All sales stages count when selling service contracts — but sleepwalk the proposal — and everything vanishes at the end, as if you were never there.

Selling service contracts can often take months, even years to access customers, to understand and possibly influence them. But the process always ends with a proposal.

Large customers with large dollar contracts need RFPs’ auditable trails for compliance. Customers with smaller dollar contracts want CYA insurance if the company asks how the money was spent.

No Leapfrogging in the Sales Journey

Service marketing and sales stages need to be completed in order. One can’t take a journey of a thousand miles by jumping over the steps to build awareness, interest, and desire. All that is a given.

But it’s the customer’s penultimate* action on that journey that matters the most — when customers choose which supplier to sign (* the final action is a negotiated contract).

At that moment of truth, if your proposal fails to persuade customers then all your time and money spent on marketing and sales was wasted.

And losing sellers will have to wait until the next contract rolls around. Because customers are not likely to revisit that decision once it’s made.

Customers Don’t Make (Admit) Mistakes

The reality with large dollar contracts is that customers rarely if ever admit they made a mistake and chose the wrong supplier. There’s too much visibility on them within their firm.

The same is true for small dollar contracts but on a more individual, self-protective level, “Hope my boss doesn’t find out I just bought a handful of beans.”

So, customers will force square pegs into round holes rather than try again to make a better buy.
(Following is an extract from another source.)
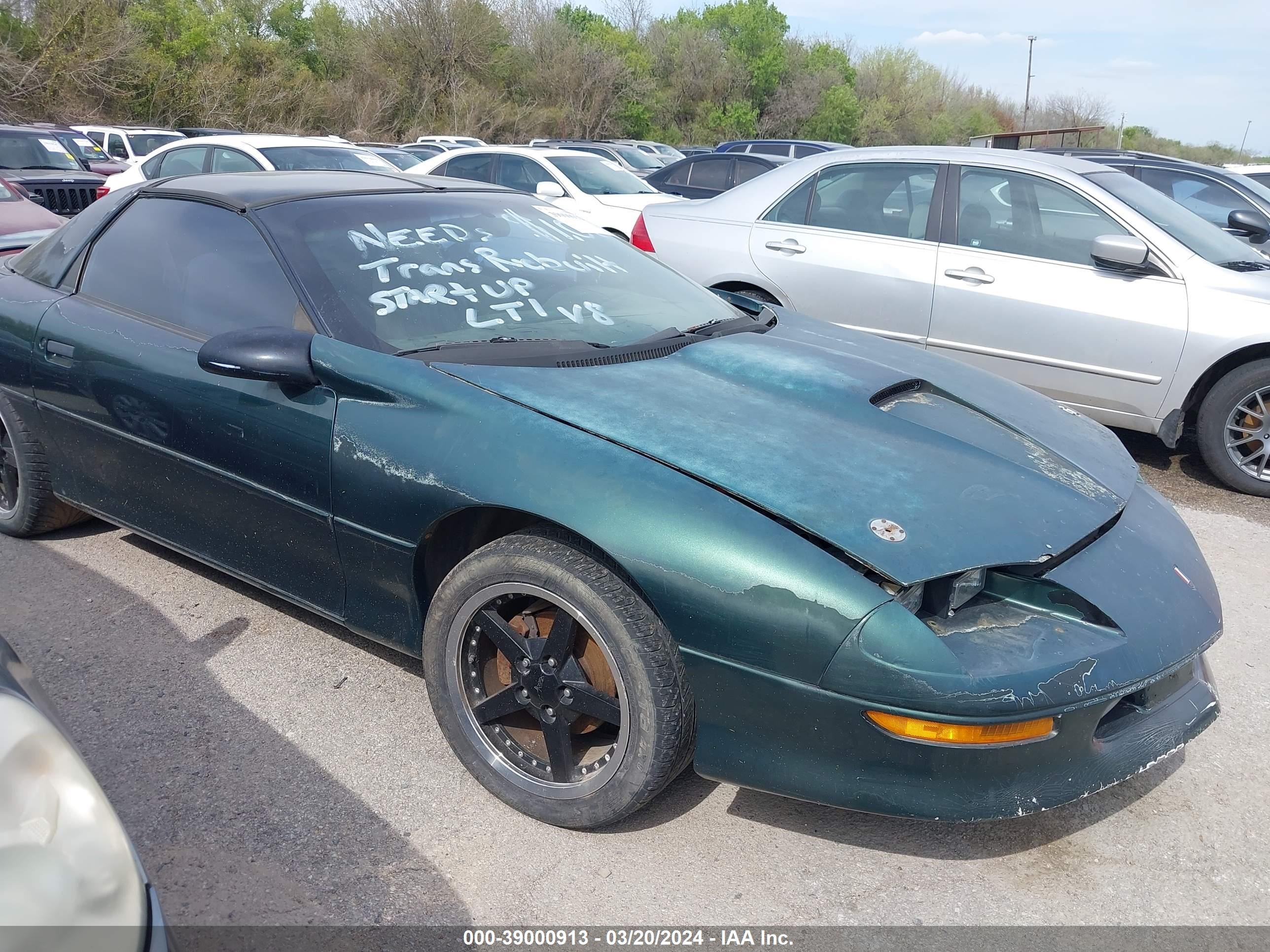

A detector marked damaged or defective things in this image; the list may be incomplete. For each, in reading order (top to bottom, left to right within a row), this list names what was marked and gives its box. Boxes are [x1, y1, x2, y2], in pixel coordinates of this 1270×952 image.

damaged front bumper [686, 650, 1223, 824]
Sales Proposals are 1st Among Equals

Sales proposals are not an equal step in marketing and sales. They are a sequentially bigger, more important step.

This means sellers must get everything right from the beginning. All that marketing and sales work must be done right to get onto customers’ bid lists.

And then sales and marketing teams must get their proposals even more right.

Like mountaineers, sellers must invest resources and effort for proposals to succeed in that final step. If not, the mountain is not summited, and sellers don’t win contracts.